Natürlich ist ein Mitgliedervotum nicht der Zaubertrank, auch künftig werden die Christdemokraten – politisch gesprochen – die Konkurrenz nicht so verhauen wie Asterix und Obelix die Römer. Aber: Sie haben jetzt zumindest ein Mittel, um die grundsätzliche Richtung der CDU herauszufinden.

Denn für die 16-jährige Kanzlerschaft von Angela Merkel zahlte die CDU einen hohen Preis: Sie ist inhaltlich beliebig. Die Deutschen wählten die Kanzlerin, weil sie fast niemanden verschreckte. Doch im Laufe der Zeit gab es immer weniger Kanten und Zacken in der Programmatik.

Eine Mitgliederbefragung ist die zeitgemäße Art, Politik zu machen

Für Merkel, mag sie auch noch so eine gute Kanzlerin gewesen sein, war die CDU immer nur Mittel zum Zweck: um an die Macht zu kommen und sich dort zu halten. Inhaltsschwere Konferenzen zu veranstalten, wie es Annegret Kramp-Karrenbauer nach ihrer Wahl zur Parteivorsitzenden machte, wäre Merkel wohl nicht mal im Traum eingefallen. Wieso sollte sie auch in die Partei hineinhorchen? Hauptsache, das Kanzleramt war sicher.

Mit dem nun anstehenden Mitgliederentscheid kann sich die CDU in Ruhe überlegen, wer sie eigentlich sein will. Eine Art deutsche Tea-Party-Bewegung? Oder eine progressiv-konservative Stimme? Diese Phase der Selbstfindung hat die Partei nötig, denn sie ist gespalten. Nicht umsonst unterlag bei den letzten zwei Vorsitzendenwahlen der Konservative Friedrich Merz immer nur knapp.

Vor allem ist die Mitgliederbeteiligung eine zeitgemäße Art, um Politik zu machen. Die Partei, das sind eben ihre Mitglieder. Sie prägen das Bild und den Kern der CDU. Das Spitzenpersonal wird regelmäßig ausgewechselt, die Mitglieder bleiben, oft über Jahrzehnte.

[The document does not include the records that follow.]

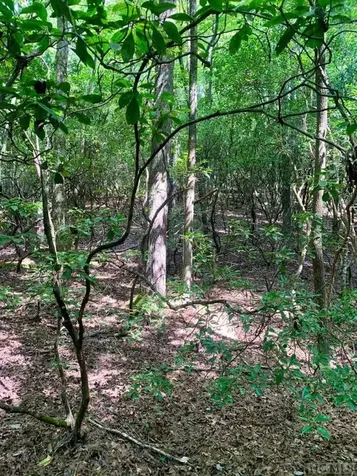 Tbd Double Creek Drive Brevard NC 28712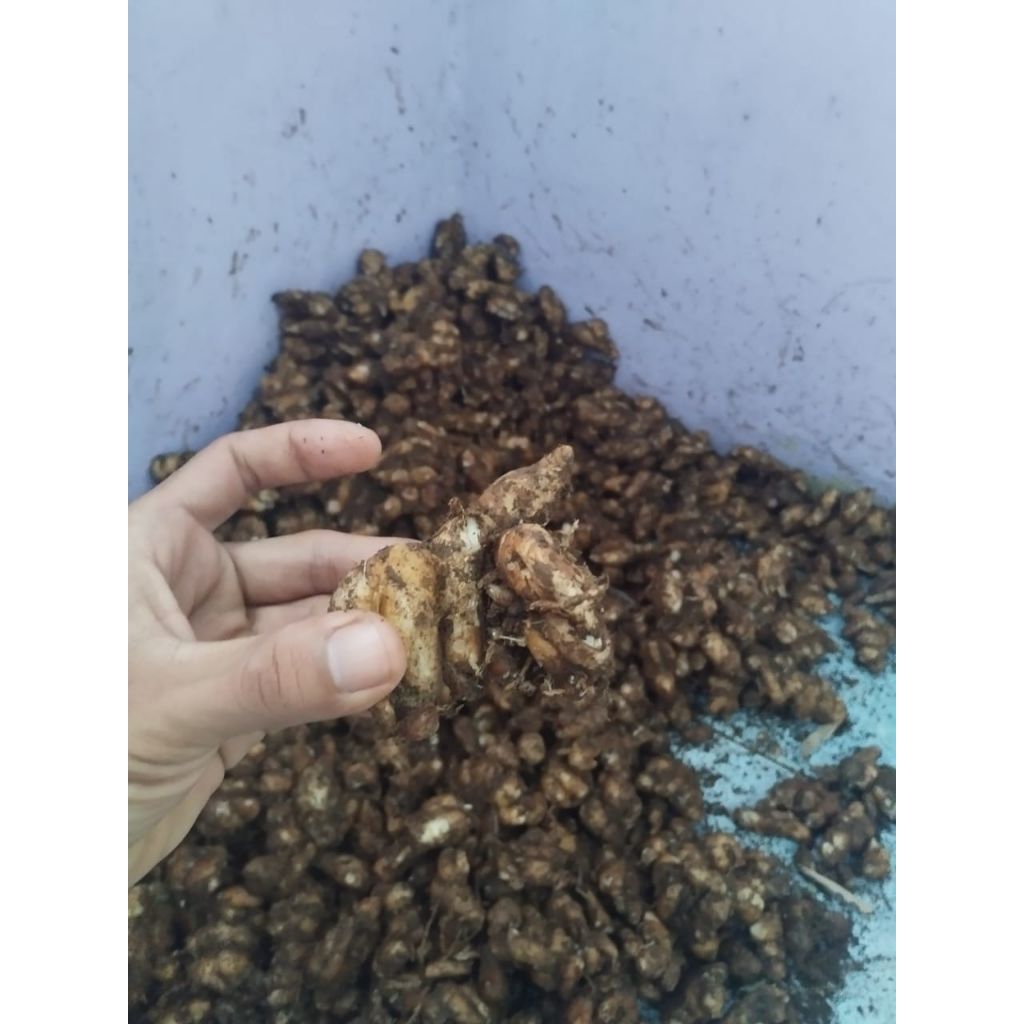 

kencur seblak 1kg kualitas unggul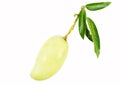 Fresh mango white leave on white
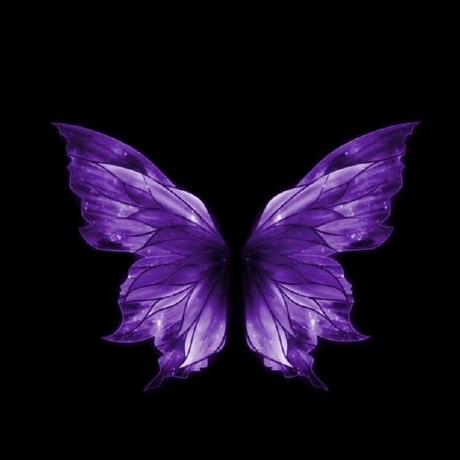 Vasilvestre Valentin Silvestre Github - Artistic Nature Picture - Full HD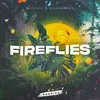 About Fireflies Song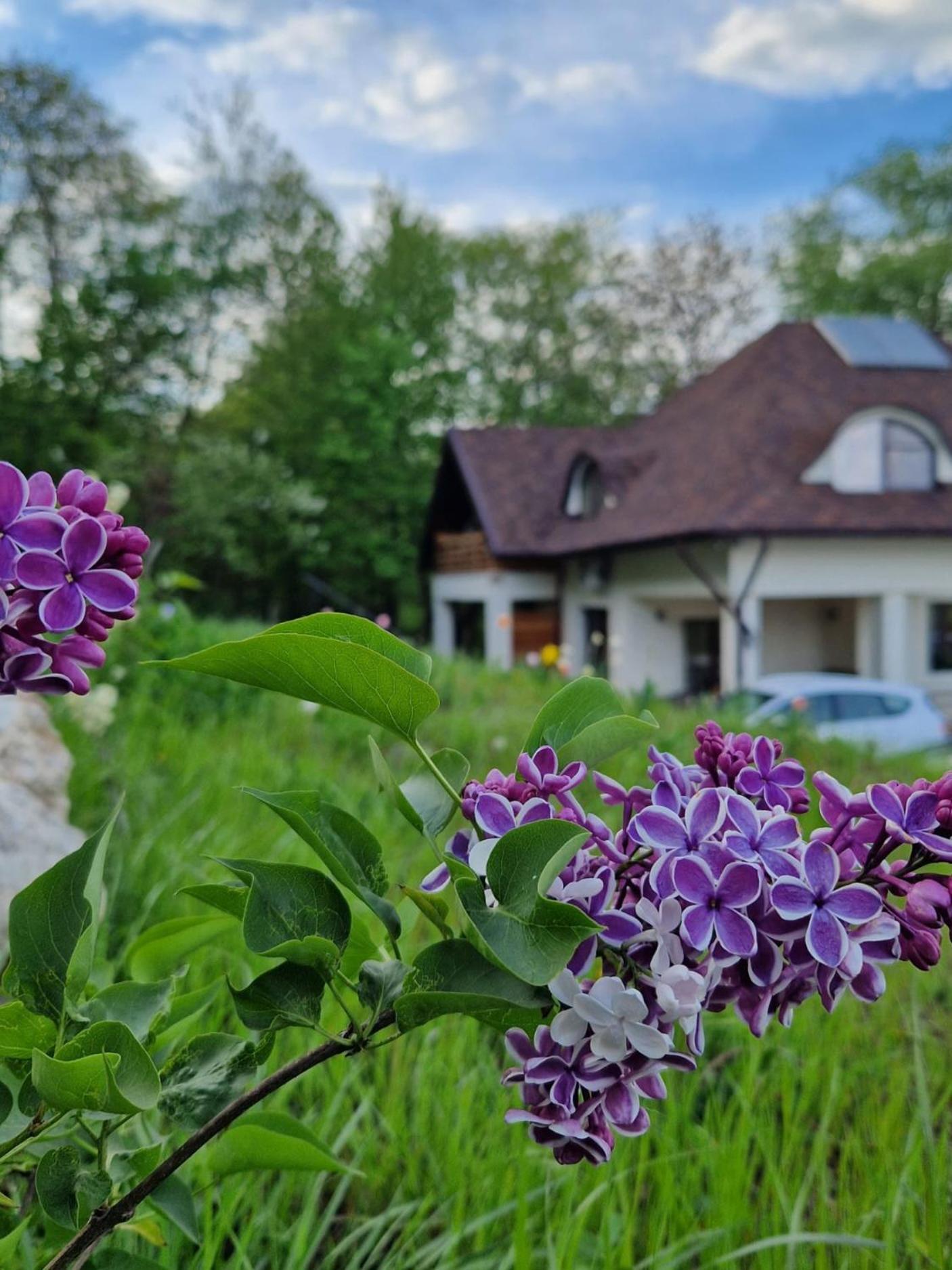 Provence Suceava Hotell Exteriör bild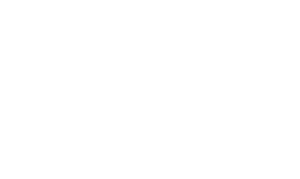 white Luna Logo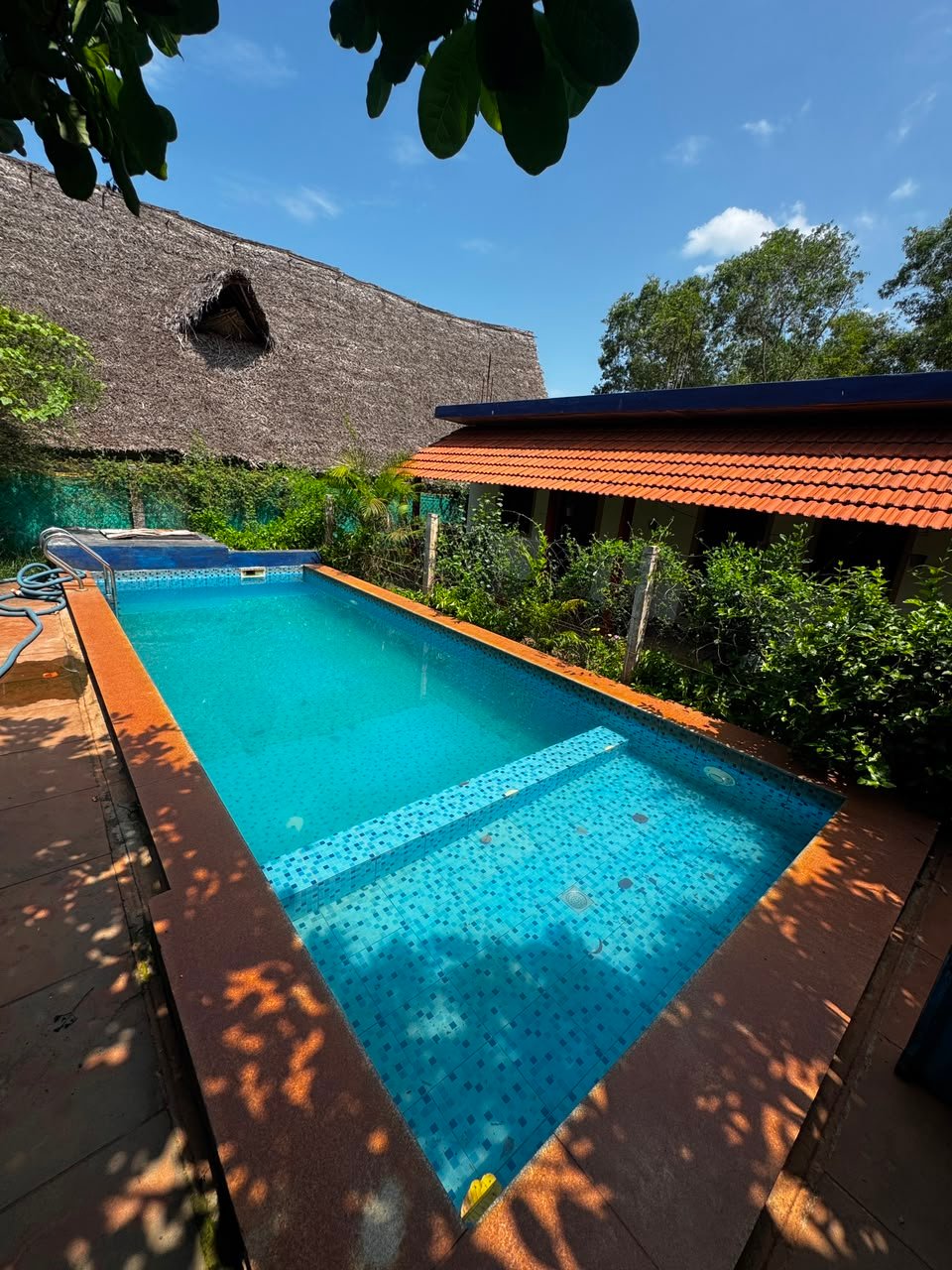 Garden at Jungle Resort Auroville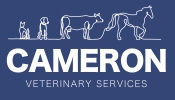 cameron logo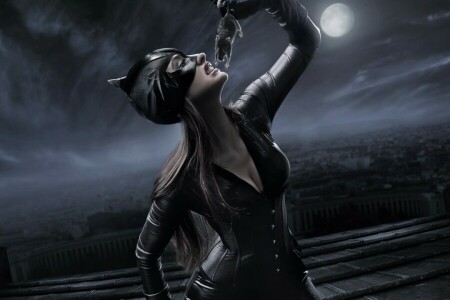 catwoman, costume, maschera, estrazione, notte, ratto, La luna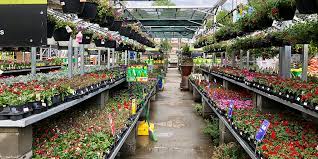 The company is headquartered at the atlanta store support center in cobb county of atlanta, georgia. The Home Depot Sustainable Garden Using Rainwater To Keep Plants Thriving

Sie müssen daher auch mitentscheiden.

Niemand kann sich mehr sicher sein

Die Grünen haben ihren Kanzlerkandidaten im kleinstmöglichen Hinterzimmer ausgeklüngelt: zwischen Annalena Baerbock und Robert Habeck. Baerbock gewann, wollte Kanzlerin werden – das Ergebnis ist bekannt.

Lediglich die SPD hatte zuletzt Erfolg ohne Basisbeteiligung. Olaf Scholz wurde von der Parteispitze ausgerufen. Aber eben auch, weil er der einzige sozialdemokratische Spitzenpolitiker mit Kanzlerformat war, der auch wirklich wollte.

Bei der Union sieht das anders aus. Es gibt dort nicht nur viele ehrgeizige Politiker wie Friedrich Merz, Jens Spahn, Carsten Linnemann, Ralph Brinkhaus und Norbert Röttgen. Über die meisten von ihnen heißt es in der Partei, sie könnten das auch: Kanzler sein.

Nun können sie in Ruhe versuchen, die Basis zu überzeugen. Und sei es mit einem Vorschlag für ein Team. Allzu sicher dürfen sie sich aber nicht sein, dass sie so auch gewählt werden. Und das ist gut so.